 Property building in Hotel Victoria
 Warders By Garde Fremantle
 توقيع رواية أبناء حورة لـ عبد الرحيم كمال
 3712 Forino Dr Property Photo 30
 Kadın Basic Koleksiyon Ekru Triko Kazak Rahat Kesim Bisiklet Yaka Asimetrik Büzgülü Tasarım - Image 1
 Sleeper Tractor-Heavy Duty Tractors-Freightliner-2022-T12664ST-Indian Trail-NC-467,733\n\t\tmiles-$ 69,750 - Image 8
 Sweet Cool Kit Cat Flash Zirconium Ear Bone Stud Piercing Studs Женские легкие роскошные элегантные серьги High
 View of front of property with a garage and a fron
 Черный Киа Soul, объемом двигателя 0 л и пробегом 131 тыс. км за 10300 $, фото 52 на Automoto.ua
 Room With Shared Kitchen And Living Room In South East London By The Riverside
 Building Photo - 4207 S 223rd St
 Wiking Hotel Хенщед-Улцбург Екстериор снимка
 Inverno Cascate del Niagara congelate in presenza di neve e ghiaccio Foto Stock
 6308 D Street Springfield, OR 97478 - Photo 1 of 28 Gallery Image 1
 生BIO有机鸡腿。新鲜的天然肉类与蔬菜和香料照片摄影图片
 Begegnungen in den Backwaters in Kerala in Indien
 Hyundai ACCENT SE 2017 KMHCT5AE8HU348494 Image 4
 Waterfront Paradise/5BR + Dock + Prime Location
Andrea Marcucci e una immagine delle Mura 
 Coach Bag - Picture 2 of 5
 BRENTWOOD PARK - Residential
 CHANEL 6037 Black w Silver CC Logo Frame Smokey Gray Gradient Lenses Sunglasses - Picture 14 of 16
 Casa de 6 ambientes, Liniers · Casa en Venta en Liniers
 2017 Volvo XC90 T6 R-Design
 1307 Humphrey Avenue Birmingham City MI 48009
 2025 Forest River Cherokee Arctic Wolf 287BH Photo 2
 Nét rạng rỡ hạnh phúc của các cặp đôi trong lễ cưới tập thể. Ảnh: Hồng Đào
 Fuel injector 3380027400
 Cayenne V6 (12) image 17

------------------------------------------------------------------------

After locating the line with "Room With Shared" in the material above, return it and each line after it exactly, ending at the line with "Inverno Cascate del".

 Room With Shared Kitchen And Living Room In South East London By The Riverside
 Building Photo - 4207 S 223rd St
 Wiking Hotel Хенщед-Улцбург Екстериор снимка
 Inverno Cascate del Niagara congelate in presenza di neve e ghiaccio Foto Stock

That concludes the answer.